Create a box-and-whisker plot for the distribution of share of population with HIV and describe the shape.  Is there evidence of outliers in the data? (1 Mark)

What is the likelihood that a country has a life expectancy above 65 if per capita income is below US\$1000? Is per capita income independent of life expectancy?  Use a Contingency Table. (2 Marks)

Estimate the 95% confidence interval for the population mean literacy rate. (1 Mark)

Your supervisor recently stated that life expectancy in Africa is below the average developing country of 67 years. Test her claim at the 10% level of significance. (1 Mark)

Run a multiple linear regression using the data and show the output from Excel. Hint: For the multi-level categorical variables, compare the Americas, Europe, AsiaPacific to Africa. (1 Mark)

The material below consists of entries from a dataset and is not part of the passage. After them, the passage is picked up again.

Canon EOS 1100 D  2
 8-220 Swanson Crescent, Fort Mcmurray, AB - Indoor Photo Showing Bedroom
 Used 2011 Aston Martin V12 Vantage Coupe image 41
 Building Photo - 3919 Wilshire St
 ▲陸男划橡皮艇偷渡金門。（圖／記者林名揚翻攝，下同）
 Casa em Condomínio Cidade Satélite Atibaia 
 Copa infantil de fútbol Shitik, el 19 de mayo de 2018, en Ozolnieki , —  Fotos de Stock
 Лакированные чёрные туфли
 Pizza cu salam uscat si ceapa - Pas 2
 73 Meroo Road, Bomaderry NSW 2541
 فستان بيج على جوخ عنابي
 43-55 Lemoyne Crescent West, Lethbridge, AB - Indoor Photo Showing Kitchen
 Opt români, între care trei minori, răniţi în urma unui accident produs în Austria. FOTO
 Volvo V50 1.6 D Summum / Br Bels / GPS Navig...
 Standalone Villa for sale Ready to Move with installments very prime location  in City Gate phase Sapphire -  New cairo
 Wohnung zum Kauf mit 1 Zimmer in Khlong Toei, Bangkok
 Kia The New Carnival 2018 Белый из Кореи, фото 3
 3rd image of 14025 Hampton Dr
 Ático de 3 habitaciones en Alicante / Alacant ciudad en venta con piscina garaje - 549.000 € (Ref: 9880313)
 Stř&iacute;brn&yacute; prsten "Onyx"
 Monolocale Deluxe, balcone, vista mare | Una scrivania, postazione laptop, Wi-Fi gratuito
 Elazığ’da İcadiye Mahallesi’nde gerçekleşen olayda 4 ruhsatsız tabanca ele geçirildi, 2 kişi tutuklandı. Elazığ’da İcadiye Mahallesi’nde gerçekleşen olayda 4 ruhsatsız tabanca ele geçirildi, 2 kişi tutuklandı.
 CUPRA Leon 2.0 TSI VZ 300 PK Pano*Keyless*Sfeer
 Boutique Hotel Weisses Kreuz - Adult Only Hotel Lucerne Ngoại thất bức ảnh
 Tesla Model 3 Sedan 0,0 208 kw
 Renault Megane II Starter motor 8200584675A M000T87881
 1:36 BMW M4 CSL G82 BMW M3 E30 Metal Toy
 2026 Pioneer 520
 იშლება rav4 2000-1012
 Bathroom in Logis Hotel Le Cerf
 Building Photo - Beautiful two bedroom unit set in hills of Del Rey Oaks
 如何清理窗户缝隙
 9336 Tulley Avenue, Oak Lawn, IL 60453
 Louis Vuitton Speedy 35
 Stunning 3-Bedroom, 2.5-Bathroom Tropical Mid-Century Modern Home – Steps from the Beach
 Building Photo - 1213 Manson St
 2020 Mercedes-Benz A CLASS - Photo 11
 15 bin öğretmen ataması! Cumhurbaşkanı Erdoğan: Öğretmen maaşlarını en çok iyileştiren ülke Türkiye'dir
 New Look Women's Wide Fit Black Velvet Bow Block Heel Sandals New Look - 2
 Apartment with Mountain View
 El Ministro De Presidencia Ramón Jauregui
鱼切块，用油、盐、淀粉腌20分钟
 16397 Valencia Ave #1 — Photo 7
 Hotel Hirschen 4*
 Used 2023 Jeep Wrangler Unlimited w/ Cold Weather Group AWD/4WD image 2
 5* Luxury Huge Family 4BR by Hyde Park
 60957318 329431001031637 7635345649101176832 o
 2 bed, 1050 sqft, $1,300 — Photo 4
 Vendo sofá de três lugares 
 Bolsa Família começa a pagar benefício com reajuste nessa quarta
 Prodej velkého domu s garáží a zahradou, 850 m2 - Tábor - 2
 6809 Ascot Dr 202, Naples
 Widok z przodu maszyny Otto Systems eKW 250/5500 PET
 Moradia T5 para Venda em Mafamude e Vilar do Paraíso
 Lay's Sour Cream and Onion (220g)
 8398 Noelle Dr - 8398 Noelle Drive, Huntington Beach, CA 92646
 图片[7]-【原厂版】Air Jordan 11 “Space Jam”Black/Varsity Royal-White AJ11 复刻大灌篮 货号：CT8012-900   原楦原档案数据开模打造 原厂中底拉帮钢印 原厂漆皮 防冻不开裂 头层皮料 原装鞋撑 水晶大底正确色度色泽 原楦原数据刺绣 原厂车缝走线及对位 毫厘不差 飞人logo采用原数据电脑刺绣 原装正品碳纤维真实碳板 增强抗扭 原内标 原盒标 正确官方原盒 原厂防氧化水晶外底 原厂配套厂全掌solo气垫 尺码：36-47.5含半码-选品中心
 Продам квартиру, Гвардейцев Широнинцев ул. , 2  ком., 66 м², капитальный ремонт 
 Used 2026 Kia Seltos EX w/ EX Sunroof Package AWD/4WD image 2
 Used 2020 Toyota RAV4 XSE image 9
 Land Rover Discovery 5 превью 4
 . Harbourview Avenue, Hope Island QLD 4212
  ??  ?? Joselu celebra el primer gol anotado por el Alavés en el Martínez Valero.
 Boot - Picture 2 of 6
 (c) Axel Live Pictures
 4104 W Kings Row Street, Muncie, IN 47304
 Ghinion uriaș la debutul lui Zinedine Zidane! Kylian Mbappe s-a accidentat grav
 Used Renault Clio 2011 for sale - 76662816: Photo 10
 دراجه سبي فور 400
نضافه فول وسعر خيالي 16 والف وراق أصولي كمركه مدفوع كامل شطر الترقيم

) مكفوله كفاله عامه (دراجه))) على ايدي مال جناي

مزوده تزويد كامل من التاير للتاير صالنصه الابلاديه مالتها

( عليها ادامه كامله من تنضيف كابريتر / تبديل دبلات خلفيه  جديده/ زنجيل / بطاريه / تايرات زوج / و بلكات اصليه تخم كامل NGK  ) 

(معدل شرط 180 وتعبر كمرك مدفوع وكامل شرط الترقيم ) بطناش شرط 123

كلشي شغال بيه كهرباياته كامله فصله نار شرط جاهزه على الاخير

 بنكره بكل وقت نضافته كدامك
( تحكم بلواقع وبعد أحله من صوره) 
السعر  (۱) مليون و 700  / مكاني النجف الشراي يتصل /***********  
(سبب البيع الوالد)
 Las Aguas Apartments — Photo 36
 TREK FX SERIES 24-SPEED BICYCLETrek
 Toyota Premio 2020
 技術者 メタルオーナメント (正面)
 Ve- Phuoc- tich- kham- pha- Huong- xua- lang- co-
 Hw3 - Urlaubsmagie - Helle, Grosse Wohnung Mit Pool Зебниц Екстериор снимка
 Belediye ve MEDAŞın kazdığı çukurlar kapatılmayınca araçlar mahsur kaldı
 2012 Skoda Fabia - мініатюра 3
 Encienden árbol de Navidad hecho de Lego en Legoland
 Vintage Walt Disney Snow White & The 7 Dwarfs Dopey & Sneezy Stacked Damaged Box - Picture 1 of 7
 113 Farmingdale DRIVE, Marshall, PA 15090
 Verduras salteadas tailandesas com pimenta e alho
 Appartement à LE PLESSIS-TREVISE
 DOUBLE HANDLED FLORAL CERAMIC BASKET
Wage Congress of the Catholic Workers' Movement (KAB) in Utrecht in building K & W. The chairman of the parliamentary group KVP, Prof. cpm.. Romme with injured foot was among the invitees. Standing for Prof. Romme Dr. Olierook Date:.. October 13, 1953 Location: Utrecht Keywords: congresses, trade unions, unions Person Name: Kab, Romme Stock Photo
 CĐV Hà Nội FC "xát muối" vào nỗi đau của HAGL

Is the coefficient estimate for per capita income different than zero at the 5% level of significance?  Set-up the correct hypothesis test using the results found in the table in Part (G) using both the critical value and p-value approach.  Interpret the coefficient estimate of the slope. (2 Marks)

Interpret the remaining slope coefficient estimates. Comment on whether the signs are what you are expecting. (2 Marks)

Interpret the value of the Adjusted R2. Is the overall model statistically significant at the 1% level of significance?  Use the p-value approach. (1 Mark)

Do the results suggest that the data satisfy the assumptions of a linear regression: Linearity, Normality of the Errors, and Homoscedasticity of Errors?  Show using scatter diagrams, normal probability plots and/or histograms and Explain. (3 Marks)

Based on the results of the regressions, is it likely that other factors have influenced the life expectancy?  If so, provide a couple possible examples and indicate whether these would likely influence the regression results if they were included. (1 Mark)

If a community housing organisation asked for information regarding the characteristics of housing targeting the households of native-born Australians, explain whether a clustered sampling technique of the CBD would provide an accurate representation of these households. (Note: This question does not use the data) (1 Mark)